### Collected material ###

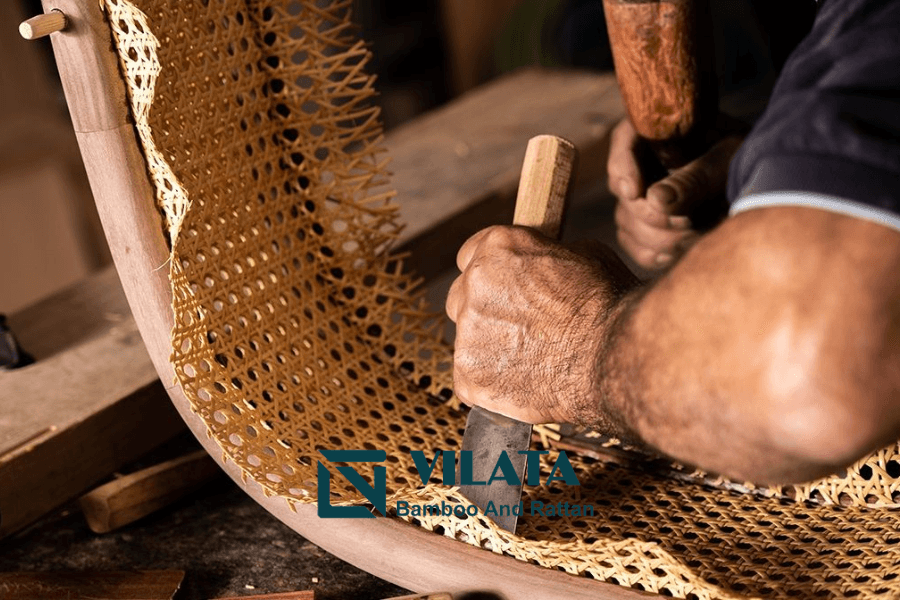 Giá tấm mây tre đan tự nhiên sẽ có giá thành cao hơn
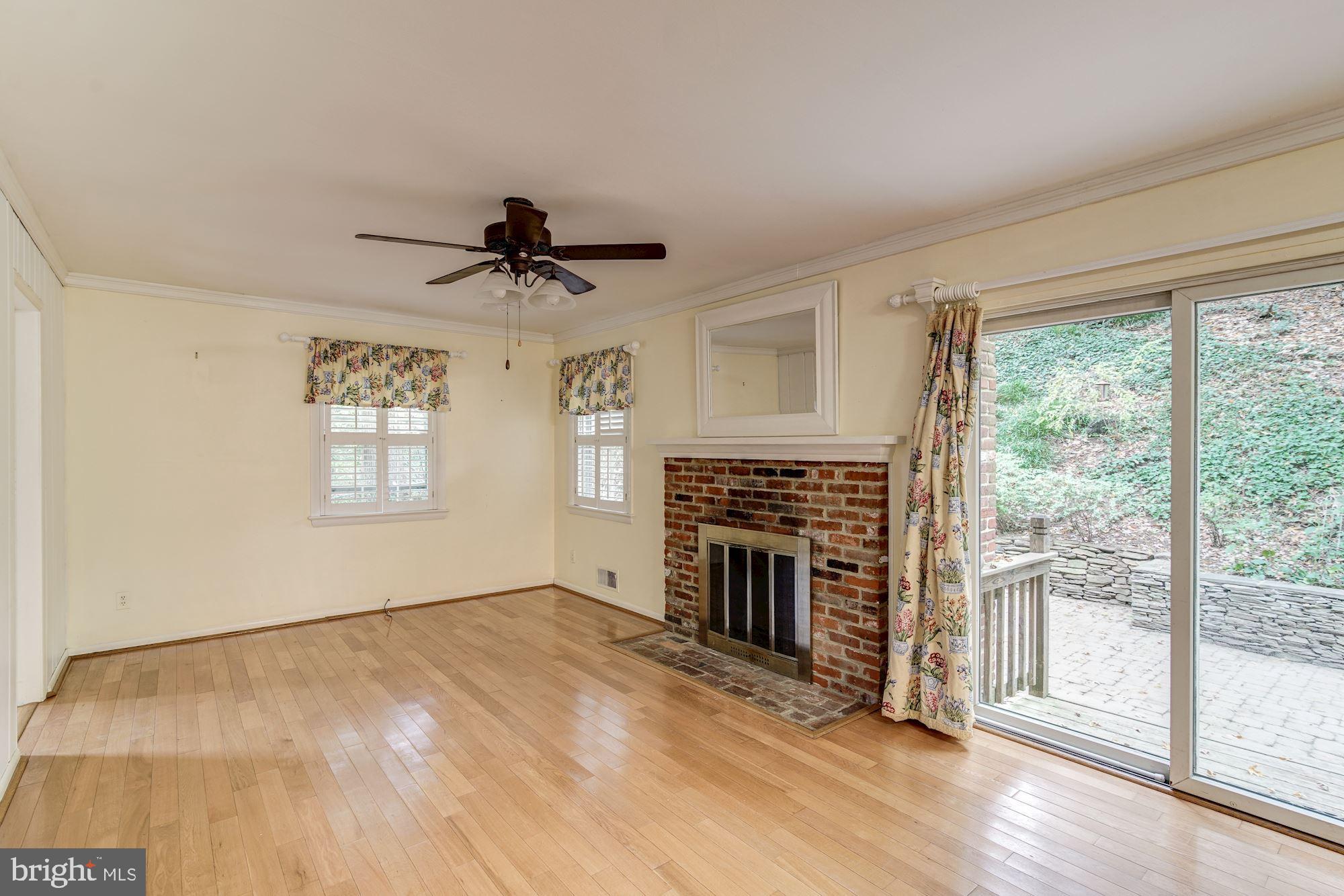 BELLE WOOD - Residential Lease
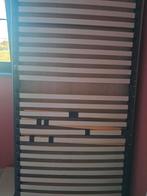 Eenpersoonsbed met bijpassend nachtkastje, Ophalen, Gebruikt, Lattenbodem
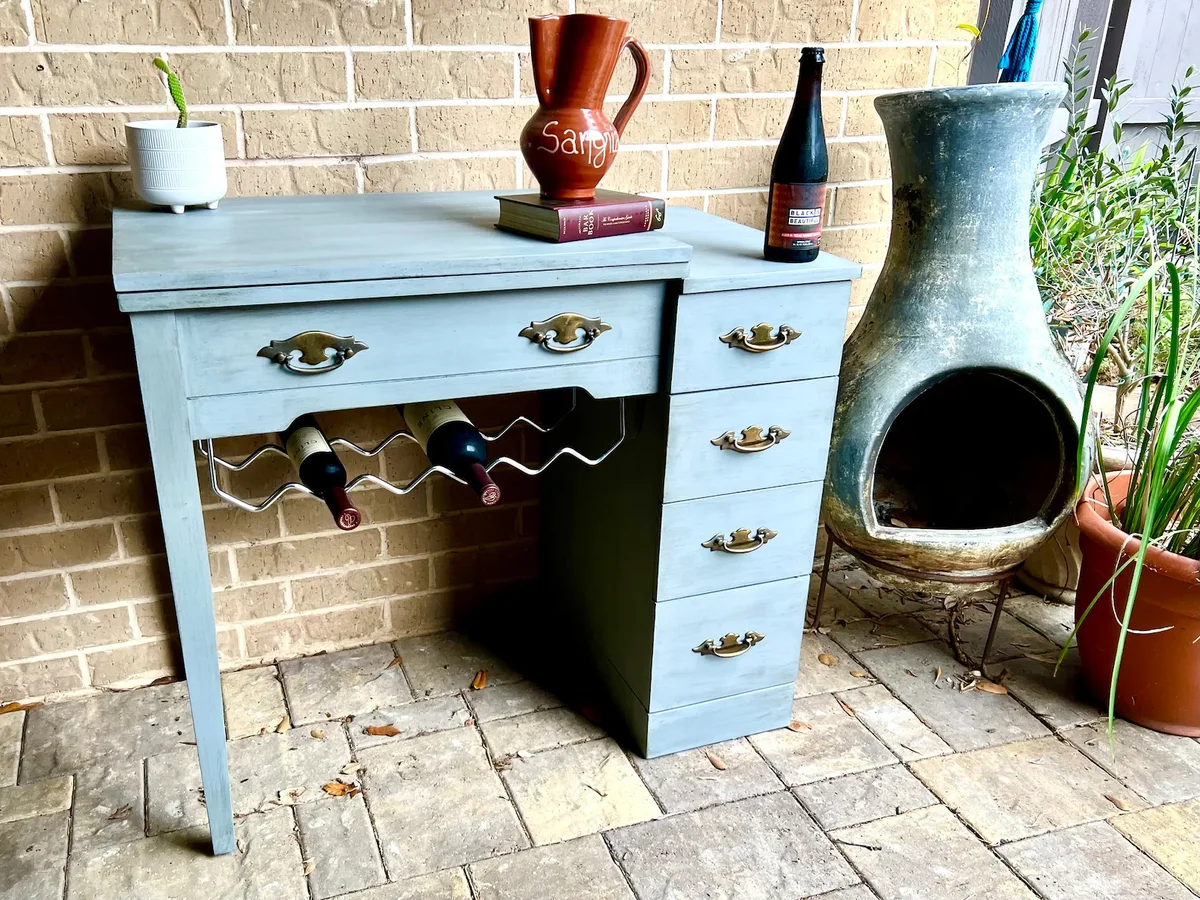 Table Refurbished Bar with Wine Rack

###

Task goal
A word-for-word copy of the data above is needed, one that omits the pictures.

Completed exercise
 Giá tấm mây tre đan tự nhiên sẽ có giá thành cao hơn
 BELLE WOOD - Residential Lease
 Eenpersoonsbed met bijpassend nachtkastje, Ophalen, Gebruikt, Lattenbodem
 Table Refurbished Bar with Wine Rack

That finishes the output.